# [Saved entries]
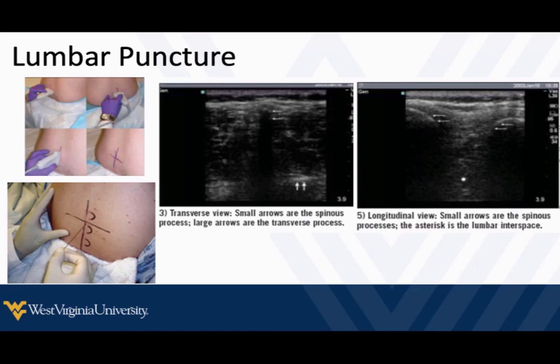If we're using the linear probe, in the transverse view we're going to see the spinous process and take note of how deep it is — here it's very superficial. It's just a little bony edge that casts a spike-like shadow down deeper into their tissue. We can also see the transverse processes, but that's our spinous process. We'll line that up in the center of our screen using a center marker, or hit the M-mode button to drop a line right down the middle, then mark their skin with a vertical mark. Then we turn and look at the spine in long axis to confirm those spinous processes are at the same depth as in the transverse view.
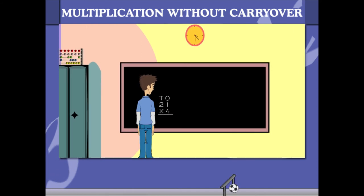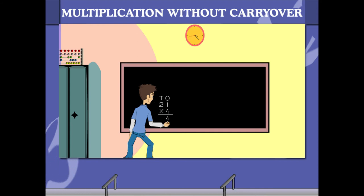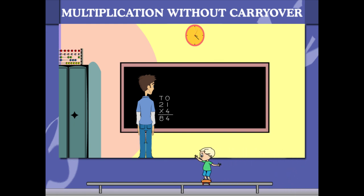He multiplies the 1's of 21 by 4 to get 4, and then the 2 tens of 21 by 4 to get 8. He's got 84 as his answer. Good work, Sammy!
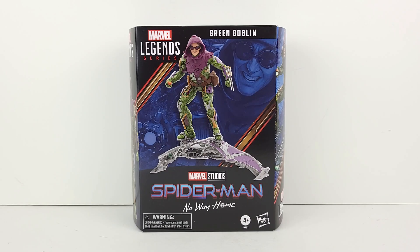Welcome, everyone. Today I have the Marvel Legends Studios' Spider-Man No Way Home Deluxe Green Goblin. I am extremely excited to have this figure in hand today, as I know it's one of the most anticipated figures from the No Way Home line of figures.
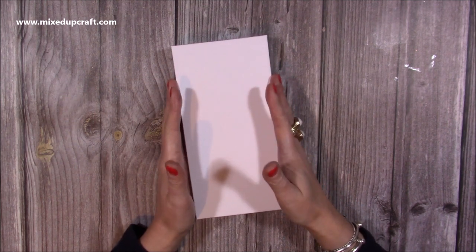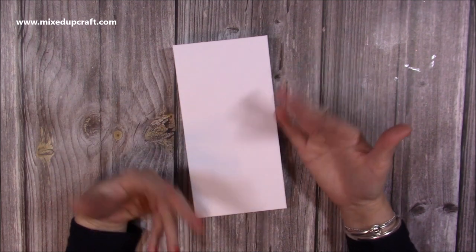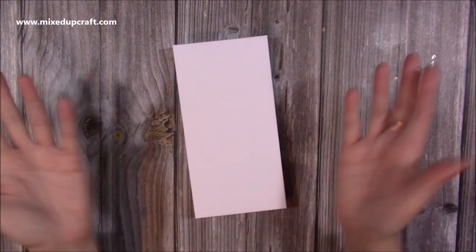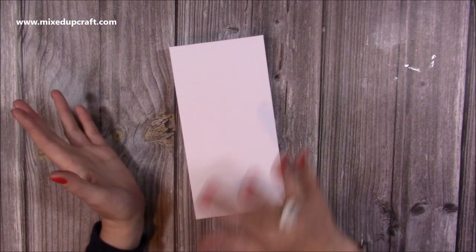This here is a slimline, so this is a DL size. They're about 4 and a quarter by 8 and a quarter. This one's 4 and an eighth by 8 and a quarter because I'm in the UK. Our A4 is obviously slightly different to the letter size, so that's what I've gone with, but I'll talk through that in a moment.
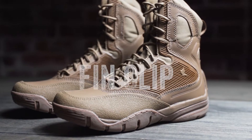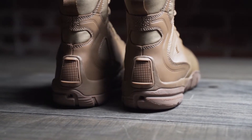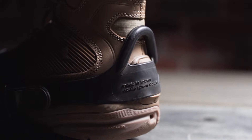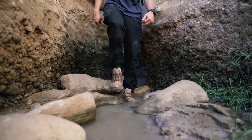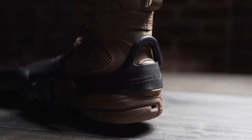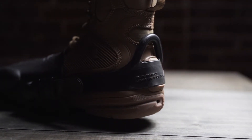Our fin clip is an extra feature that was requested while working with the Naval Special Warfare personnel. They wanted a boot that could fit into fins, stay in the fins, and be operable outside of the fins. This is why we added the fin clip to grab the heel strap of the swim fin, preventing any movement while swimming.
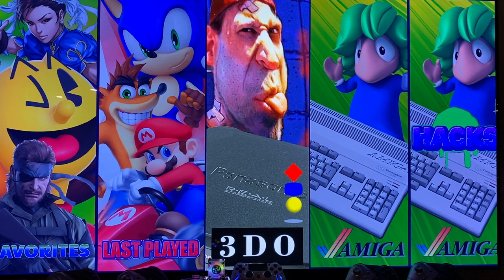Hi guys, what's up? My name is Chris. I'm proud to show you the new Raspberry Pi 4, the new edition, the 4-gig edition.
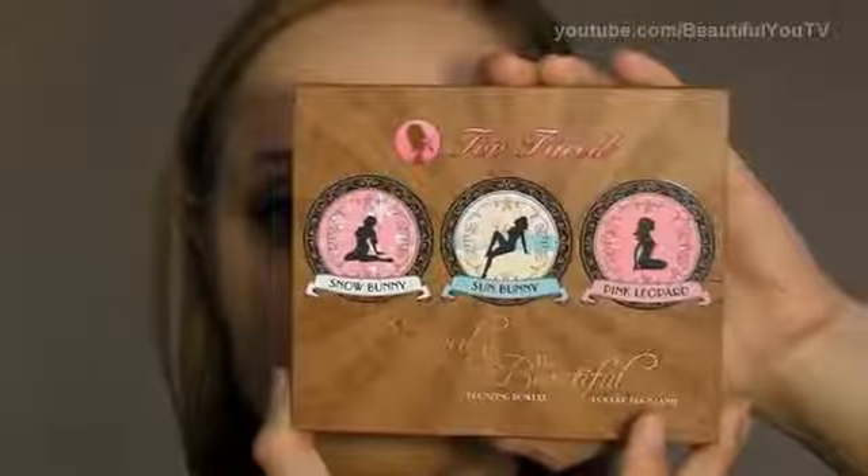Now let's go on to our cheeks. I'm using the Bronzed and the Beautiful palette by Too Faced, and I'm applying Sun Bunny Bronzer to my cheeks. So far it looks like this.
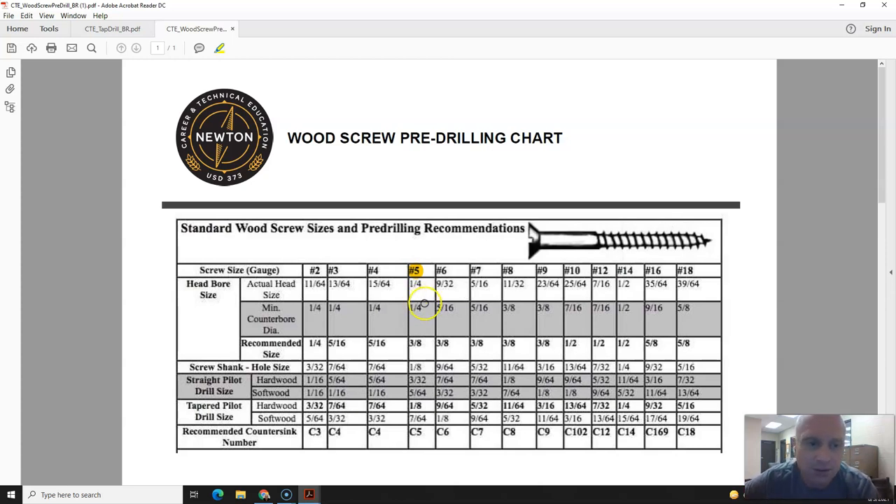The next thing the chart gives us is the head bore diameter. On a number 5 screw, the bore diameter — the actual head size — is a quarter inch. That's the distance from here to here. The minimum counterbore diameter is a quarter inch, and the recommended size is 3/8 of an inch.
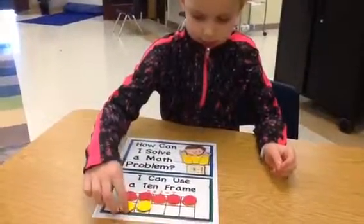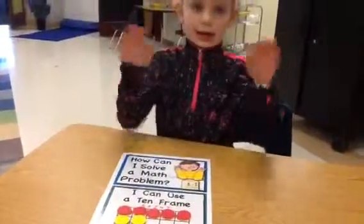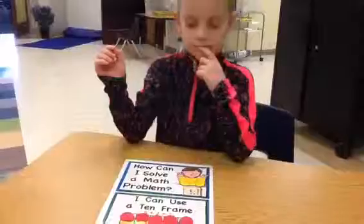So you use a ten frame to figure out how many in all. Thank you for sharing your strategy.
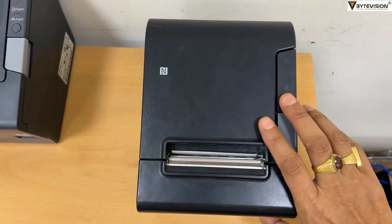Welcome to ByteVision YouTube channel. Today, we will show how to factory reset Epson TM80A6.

# [What this task involves]
Output the records above as they stand, from the first line to the line with "Welcome, everyone. Today", inclusive, and exclude the pictures.

# [Response for this exercise]
If we're using the linear probe, in the transverse view we're going to see the spinous process and take note of how deep it is — here it's very superficial. It's just a little bony edge that casts a spike-like shadow down deeper into their tissue. We can also see the transverse processes, but that's our spinous process. We'll line that up in the center of our screen using a center marker, or hit the M-mode button to drop a line right down the middle, then mark their skin with a vertical mark. Then we turn and look at the spine in long axis to confirm those spinous processes are at the same depth as in the transverse view.
He multiplies the 1's of 21 by 4 to get 4, and then the 2 tens of 21 by 4 to get 8. He's got 84 as his answer. Good work, Sammy!
Welcome, everyone. Today I have the Marvel Legends Studios' Spider-Man No Way Home Deluxe Green Goblin. I am extremely excited to have this figure in hand today, as I know it's one of the most anticipated figures from the No Way Home line of figures.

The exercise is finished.